━━━━━ DATASET ENTRIES

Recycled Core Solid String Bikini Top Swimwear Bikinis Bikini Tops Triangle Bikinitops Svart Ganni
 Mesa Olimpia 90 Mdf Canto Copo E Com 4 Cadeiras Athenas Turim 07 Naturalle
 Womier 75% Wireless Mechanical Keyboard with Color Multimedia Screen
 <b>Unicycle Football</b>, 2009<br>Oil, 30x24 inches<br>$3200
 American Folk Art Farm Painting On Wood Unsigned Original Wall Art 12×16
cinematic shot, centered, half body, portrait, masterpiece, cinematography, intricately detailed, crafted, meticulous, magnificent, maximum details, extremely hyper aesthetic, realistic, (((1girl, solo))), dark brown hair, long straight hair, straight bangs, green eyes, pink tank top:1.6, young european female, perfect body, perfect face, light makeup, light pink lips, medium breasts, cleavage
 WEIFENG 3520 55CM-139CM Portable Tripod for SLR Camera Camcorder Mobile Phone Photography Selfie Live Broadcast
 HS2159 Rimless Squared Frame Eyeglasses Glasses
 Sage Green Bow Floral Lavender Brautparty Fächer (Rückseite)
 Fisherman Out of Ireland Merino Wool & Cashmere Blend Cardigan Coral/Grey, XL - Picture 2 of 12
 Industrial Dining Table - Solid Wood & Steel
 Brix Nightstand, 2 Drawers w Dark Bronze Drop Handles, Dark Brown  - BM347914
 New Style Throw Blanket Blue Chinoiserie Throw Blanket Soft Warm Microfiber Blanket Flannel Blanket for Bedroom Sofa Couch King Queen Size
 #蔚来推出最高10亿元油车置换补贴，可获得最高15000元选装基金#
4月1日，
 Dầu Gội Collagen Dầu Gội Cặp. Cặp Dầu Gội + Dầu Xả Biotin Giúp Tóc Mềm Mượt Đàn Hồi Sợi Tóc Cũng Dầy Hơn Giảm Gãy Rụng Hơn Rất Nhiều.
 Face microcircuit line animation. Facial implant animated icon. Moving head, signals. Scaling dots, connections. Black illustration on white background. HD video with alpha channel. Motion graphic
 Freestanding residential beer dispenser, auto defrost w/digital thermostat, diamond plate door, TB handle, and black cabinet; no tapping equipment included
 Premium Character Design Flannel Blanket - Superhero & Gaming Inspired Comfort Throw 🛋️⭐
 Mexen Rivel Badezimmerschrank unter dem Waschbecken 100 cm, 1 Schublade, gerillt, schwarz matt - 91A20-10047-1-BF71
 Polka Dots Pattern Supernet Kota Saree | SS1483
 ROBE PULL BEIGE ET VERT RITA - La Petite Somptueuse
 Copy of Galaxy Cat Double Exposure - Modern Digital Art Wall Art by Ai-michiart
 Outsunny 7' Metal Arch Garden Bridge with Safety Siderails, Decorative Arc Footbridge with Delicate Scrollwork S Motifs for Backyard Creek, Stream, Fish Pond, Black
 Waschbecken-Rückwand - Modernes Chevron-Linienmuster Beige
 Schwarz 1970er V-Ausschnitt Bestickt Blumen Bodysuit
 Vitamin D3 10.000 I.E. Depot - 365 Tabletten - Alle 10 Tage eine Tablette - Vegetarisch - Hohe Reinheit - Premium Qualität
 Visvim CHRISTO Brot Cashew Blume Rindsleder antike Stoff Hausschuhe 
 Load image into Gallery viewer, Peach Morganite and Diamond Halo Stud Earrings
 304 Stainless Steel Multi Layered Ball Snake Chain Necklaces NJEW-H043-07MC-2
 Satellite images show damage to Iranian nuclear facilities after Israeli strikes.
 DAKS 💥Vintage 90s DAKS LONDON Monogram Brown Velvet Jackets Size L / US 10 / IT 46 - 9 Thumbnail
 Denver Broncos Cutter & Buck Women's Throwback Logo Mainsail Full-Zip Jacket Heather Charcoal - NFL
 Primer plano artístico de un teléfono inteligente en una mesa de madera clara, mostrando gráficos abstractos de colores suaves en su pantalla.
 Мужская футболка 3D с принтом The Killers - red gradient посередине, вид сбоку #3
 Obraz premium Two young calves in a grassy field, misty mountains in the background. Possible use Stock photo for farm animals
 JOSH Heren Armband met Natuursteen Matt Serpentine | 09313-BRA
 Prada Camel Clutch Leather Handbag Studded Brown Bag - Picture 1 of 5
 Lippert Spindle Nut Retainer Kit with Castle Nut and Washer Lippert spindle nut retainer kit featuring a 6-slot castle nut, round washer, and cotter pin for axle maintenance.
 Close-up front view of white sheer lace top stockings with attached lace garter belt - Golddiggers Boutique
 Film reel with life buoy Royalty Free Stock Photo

━━━━━━━━━━

## WORK TO BE COMPLETED
Working from the material above, retype exactly the lines from the one with "Denver Broncos Cutter" through the one with "Мужская футболка 3D", both included, and only those lines.

## TASK RESPONSE
 Denver Broncos Cutter & Buck Women's Throwback Logo Mainsail Full-Zip Jacket Heather Charcoal - NFL
 Primer plano artístico de un teléfono inteligente en una mesa de madera clara, mostrando gráficos abstractos de colores suaves en su pantalla.
 Мужская футболка 3D с принтом The Killers - red gradient посередине, вид сбоку #3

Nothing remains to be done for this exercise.